**Records contained in a dataset:**
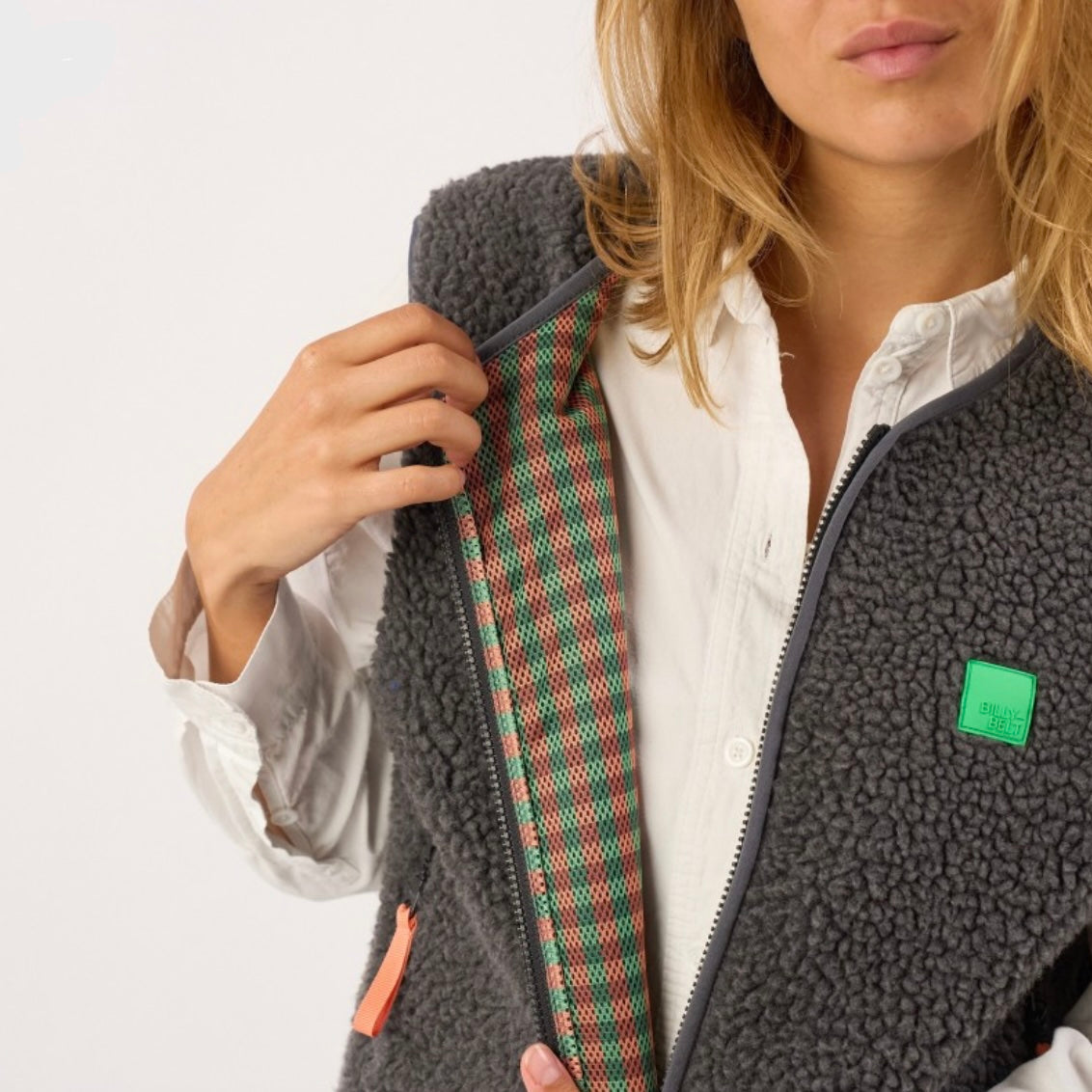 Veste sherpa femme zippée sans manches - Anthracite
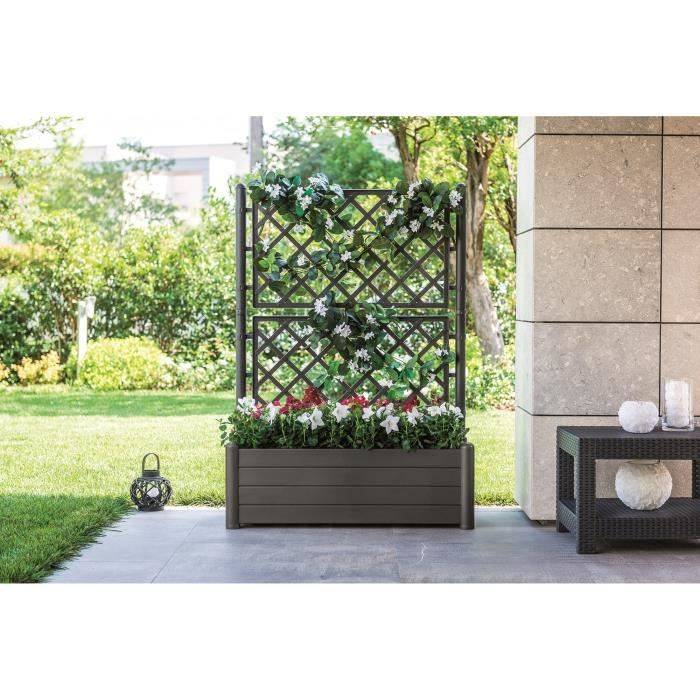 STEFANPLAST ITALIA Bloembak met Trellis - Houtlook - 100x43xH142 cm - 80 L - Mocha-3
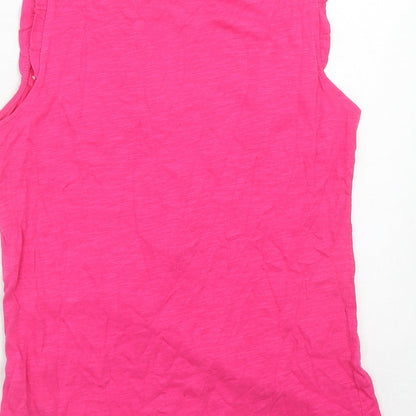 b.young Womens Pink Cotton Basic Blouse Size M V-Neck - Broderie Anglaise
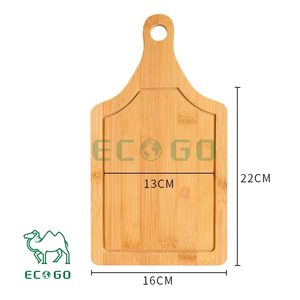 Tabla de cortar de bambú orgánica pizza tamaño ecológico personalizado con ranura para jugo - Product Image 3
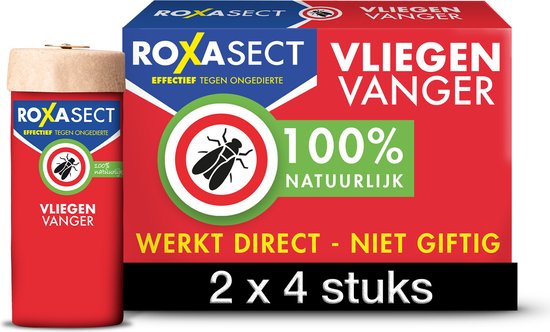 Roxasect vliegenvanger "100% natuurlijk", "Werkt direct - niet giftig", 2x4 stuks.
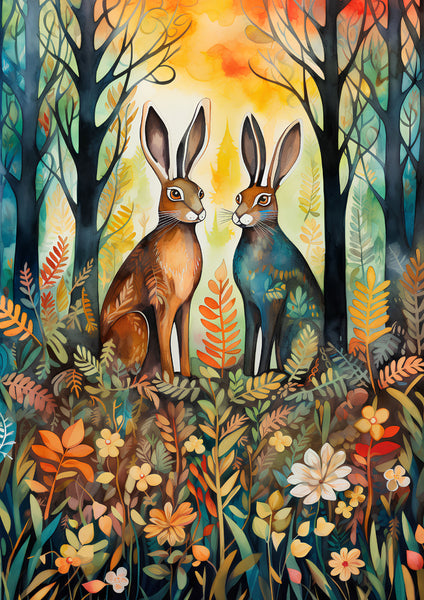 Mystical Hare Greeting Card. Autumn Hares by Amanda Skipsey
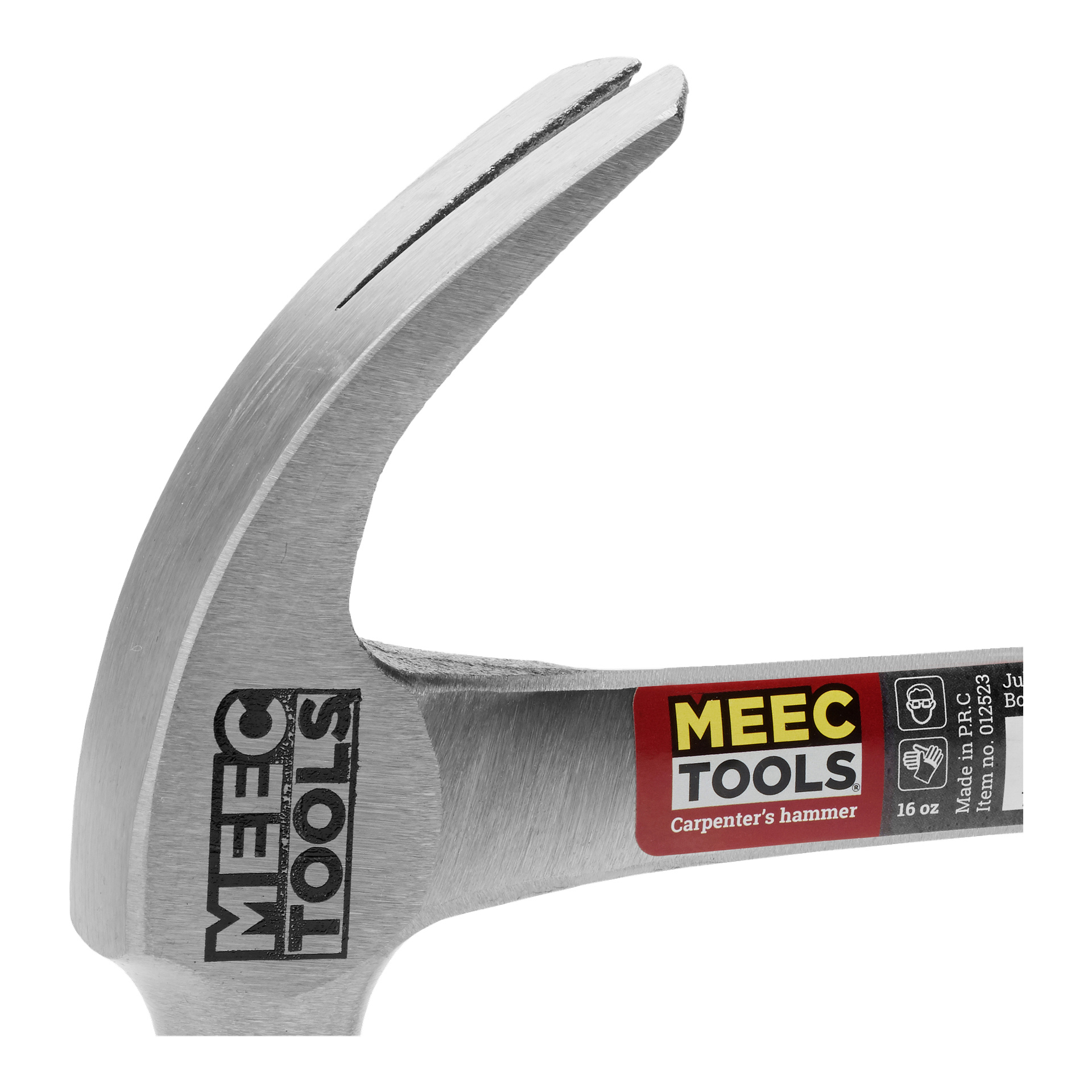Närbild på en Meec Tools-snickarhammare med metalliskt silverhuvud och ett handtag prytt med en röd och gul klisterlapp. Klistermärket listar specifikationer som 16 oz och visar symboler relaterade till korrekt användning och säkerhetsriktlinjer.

**Work task:**
Return exactly, and only, the lines that run from the line containing "Tabla de cortar" to the last line of the entries above, both ends included, with pictures left out.

**Answer to this problem:**
 Tabla de cortar de bambú orgánica pizza tamaño ecológico personalizado con ranura para jugo - Product Image 3
 Roxasect vliegenvanger "100% natuurlijk", "Werkt direct - niet giftig", 2x4 stuks.
 Mystical Hare Greeting Card. Autumn Hares by Amanda Skipsey
Närbild på en Meec Tools-snickarhammare med metalliskt silverhuvud och ett handtag prytt med en röd och gul klisterlapp. Klistermärket listar specifikationer som 16 oz och visar symboler relaterade till korrekt användning och säkerhetsriktlinjer.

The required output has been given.